Inferring flow energy, space and time scales: freely-drifting vs fixed point observations

Type Article
Acceptance Date 2024-04-11 IN PRESS
Language English
Author(s) Ponte AurelienORCID1, Astfalck Lachlan2, 3, Rayson Matthew2, Zulberti Andrew2, Jones Nicole2
Affiliation(s) 1 : Ifremer, Université de Brest, CNRS, IRD, Laboratoire d’Océanographie Physique et Spatiale, IUEM, Brest, France
2 : Oceans’ Graduate School, The University of Western Australia, Crawley, Australia
3 : School of Physics, Mathematics and Computing, The University of Western Australia, Crawley, Australia
Source Nonlinear Processes in Geophysics (1607-7946) (Copernicus GmbH) In Press
DOI 10.5194/npg-2024-10
Note this preprint is currently under review for the journal NPG.
Abstract

A novel method for the inference of spatiotemporal decomposition of oceanic variability is presented and its performance assessed in a synthetic idealized configuration.

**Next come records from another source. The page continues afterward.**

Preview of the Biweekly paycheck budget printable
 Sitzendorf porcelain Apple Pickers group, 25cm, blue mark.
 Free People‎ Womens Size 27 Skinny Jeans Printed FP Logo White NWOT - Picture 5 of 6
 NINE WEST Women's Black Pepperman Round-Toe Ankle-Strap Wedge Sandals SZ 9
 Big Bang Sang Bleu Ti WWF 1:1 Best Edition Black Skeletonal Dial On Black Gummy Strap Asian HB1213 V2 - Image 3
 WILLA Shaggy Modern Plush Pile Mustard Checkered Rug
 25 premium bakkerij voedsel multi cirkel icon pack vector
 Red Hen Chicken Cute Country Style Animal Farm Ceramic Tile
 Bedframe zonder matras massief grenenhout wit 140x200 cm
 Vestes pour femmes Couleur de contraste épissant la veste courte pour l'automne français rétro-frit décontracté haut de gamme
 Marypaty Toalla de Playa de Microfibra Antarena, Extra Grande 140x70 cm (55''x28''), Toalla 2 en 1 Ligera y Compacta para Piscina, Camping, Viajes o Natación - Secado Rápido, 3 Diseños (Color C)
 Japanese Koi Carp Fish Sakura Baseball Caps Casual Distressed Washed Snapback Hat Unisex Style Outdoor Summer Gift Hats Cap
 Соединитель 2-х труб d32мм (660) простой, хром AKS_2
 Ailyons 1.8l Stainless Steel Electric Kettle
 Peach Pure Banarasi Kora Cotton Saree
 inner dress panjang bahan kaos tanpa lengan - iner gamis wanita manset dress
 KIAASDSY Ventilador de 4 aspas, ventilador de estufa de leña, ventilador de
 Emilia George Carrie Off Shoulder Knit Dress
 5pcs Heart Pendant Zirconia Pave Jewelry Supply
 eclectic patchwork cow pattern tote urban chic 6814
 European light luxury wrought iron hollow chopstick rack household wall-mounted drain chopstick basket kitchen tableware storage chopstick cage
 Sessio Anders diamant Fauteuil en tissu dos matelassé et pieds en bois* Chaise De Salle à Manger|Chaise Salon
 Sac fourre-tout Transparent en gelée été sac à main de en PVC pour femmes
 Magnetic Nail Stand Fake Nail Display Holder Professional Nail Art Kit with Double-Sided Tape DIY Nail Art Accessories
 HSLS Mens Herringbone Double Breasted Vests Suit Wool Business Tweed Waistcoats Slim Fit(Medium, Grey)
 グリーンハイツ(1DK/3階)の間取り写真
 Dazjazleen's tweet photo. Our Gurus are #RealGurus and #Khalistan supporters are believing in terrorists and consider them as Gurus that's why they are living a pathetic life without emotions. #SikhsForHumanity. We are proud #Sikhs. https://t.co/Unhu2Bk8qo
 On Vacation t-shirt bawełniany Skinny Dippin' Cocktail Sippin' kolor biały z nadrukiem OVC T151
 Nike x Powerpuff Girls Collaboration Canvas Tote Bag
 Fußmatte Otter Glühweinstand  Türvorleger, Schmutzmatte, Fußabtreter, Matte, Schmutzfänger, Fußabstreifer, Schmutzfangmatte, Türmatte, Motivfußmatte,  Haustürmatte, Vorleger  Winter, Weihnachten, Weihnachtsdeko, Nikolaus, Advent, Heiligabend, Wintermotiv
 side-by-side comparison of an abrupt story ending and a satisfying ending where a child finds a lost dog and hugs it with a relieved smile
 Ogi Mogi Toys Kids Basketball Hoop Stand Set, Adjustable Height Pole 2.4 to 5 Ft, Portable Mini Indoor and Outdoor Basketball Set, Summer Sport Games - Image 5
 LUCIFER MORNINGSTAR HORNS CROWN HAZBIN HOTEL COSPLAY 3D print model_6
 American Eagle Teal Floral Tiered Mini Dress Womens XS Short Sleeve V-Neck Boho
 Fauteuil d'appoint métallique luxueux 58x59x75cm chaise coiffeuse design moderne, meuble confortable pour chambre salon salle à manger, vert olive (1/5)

The method is designed here to ingest velocity observation. The abilities of networks of reduced number of surface drifters and moorings at inferring spatiotemporal scales of ocean variability are quantified and contrasted. The sensitivities of inference performances for both types of platforms to the number of observation, geometrical configurations, flow regimes are presented. Because they simultaneously sample spatial and temporal variability, drifters are shown to be able to capture both spatial and temporal flow properties even when deployed in isolation. Moorings are particularly adequate for the characterization of the flow temporal variability, and may also capture spatial scales provided they are multiplied and the financial and environmental costs of associated deployments can be assumed. We show in particular that the method correctly identifies whether drifters are sampling preferentially spatial vs temporal variability. This method opens novel avenues for the analysis of existing datasets as well as the design of future experimental campaigns targeting the characterization of small scale (e.g. <100 km) Ocean variability.